En 2004, la France ferme sa dernière mine d’or métropolitaine, celle de Salsigne. L’envolée des cours d’or à la suite des deux chocs pétroliers, en 1973 et en 1979, avait pourtant relancé la prospection de gisements d’or et la production française, qui avait atteint 5,9 tonnes en 1995, selon le BRGM. Mais elle avait ensuite rapidement baissé et les réserves d’or dont l’exploitation était valable économiquement s’étaient raréfiées. L’arrêt de la mine de Salsigne est aussi lié à la pollution engendrée. Un rapport de la Cour des comptes souligne en 2003 que « l’extraction de l’or produisant des déchets à forte composante en arsenic, le site est aujourd’hui, selon le ministère de l’Écologie et du Développement durable, l’un des plus pollués de France ». La mine d’or de Salsigne était la plus productive de France et la plus grande d’Europe de l’Ouest. Entre son ouverture en 1892 et sa fermeture, elle a produit 120 tonnes d’or sur les 185,6 tonnes extraites en France au XXe siècle, selon le BRGM.

2013

L’intérêt pour les gisements d’or français reprend à partir de 2013, lorsque l’État accorde de nouveaux permis exclusifs de recherche de mines dans la Sarthe, la Mayenne et la Creuse, une première depuis près de 30 ans sur le territoire métropolitain.
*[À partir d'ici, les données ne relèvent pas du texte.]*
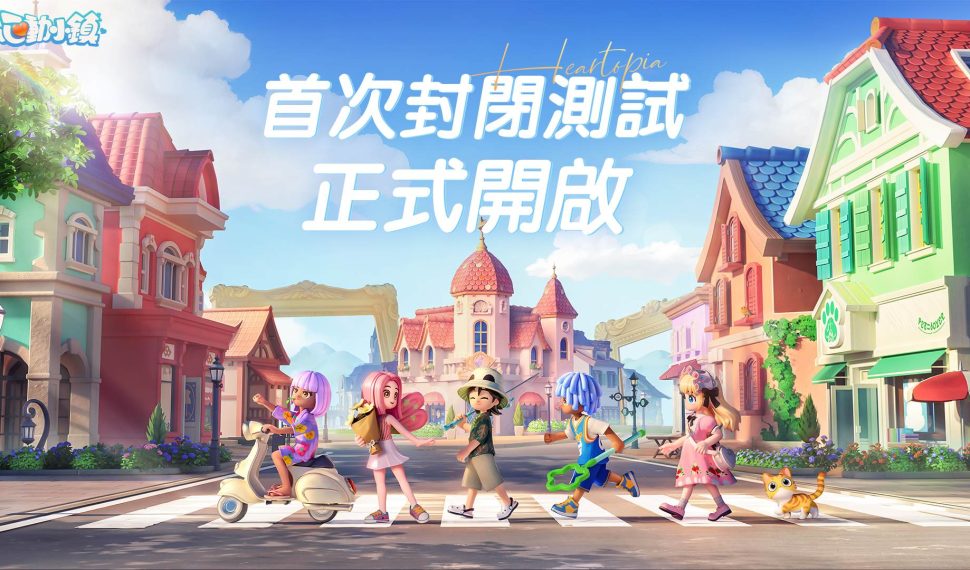 慢節奏生活模擬遊戲《心動小鎮》今日開啟【首次封閉測試】!參加簽到活動就送「白色小轎車」 慢節奏生活模擬遊戲《心動小鎮》今日開啟【首次封閉測試】!參加簽到活動就送「白色小轎車」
Ces décisions s’inscrivent dans le cadre d’une nouvelle politique lancée par le ministre du Redressement productif, Arnaud Montebourg, qui avait déclaré l’année précédente que la France devait « redevenir un pays dans lequel on peut exploiter des mines, comme le font de nombreux pays européens ». Depuis 2013, une dizaine d’autres permis portant sur la recherche d’or ont été attribués en France métropolitaine, selon les données du BRGM. En Guyane, le BRGM recensait 39 concessions, permis d’exploitation et permis exclusifs de recherche d’or fin 2015 dans un rapport qu’il a cosigné en février 2017.

2017

La Commission européenne rejette en 2017 une résolution du Parlement européen souhaitant interdire l’utilisation du cyanure pour l’extraction de métaux rares comme l’or dans l’UE. Elle justifie son rejet par le fait qu’« aucune autre technologie plus satisfaisante n’est actuellement disponible à l’échelle commerciale » et que la réglementation déjà en place permet « d’atténuer les risques d’accidents » et de réduire l’impact que l’un d’entre eux « pourrait avoir sur l’environnement et la santé publique ». C’est la deuxième fois que la Commission européenne rejette une telle résolution du Parlement européen, qui en avait déjà proposé une similaire en 2010. Celle-ci avait été initiée par des députés roumains après la rupture en 2000, sur le site d’une mine d’or de leur pays, d’un barrage retenant les eaux et les boues contaminées au cyanure. Cet accident avait conduit à la contamination d’une rivière et du Danube qui a touché plusieurs pays.


Le chiffre

174 tonnes. Selon le BRGM, les réserves en or dans le sous-sol sont estimées à 174 tonnes en France métropolitaine, dont 120 tonnes dans les sous-sols de la commune de Rouez, dans la Sarthe. 29 tonnes se trouveraient également encore dans la mine de Salsigne, fermée en 2004. Comme le BRGM le relève, ce tonnage est comparable à celui de l’or déjà exploité en France, qui s’élevait à 185,6 tonnes au XXe siècle, « ce qui en montre l’intérêt ». Quant à l’or présent en Guyane, il s’agit principalement d’or alluvionnaire issu de l’érosion de gisements de roche, mais il n’existe pas de données précises sur les réserves présentes naturellement dans le sous-sol, selon le BRGM. La synthèse du débat public concernant le projet de « Montagne d’or » évoque une réserve de 85 tonnes exploitables sur ce site.